Task item - The data below holds the lines to copy: everything from the line containing "Finike'de portakal sezonu" to the line containing "سگ سرابی نگهبان|سگ|اردبیل, |دیوار", both ends included, set down exactly.

Data to examine -
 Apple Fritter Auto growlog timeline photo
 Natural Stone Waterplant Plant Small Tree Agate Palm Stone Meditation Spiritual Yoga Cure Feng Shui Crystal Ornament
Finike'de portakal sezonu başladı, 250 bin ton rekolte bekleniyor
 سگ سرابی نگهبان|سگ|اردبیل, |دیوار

* * *

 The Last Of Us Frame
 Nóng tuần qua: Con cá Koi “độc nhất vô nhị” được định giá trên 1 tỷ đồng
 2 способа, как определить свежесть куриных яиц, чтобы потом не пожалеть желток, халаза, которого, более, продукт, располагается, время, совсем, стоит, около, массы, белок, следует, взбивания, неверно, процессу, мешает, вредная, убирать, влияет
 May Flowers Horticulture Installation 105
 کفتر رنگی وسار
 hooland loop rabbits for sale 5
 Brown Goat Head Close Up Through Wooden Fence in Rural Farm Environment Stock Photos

Problem solution -
Finike'de portakal sezonu başladı, 250 bin ton rekolte bekleniyor
 سگ سرابی نگهبان|سگ|اردبیل, |دیوار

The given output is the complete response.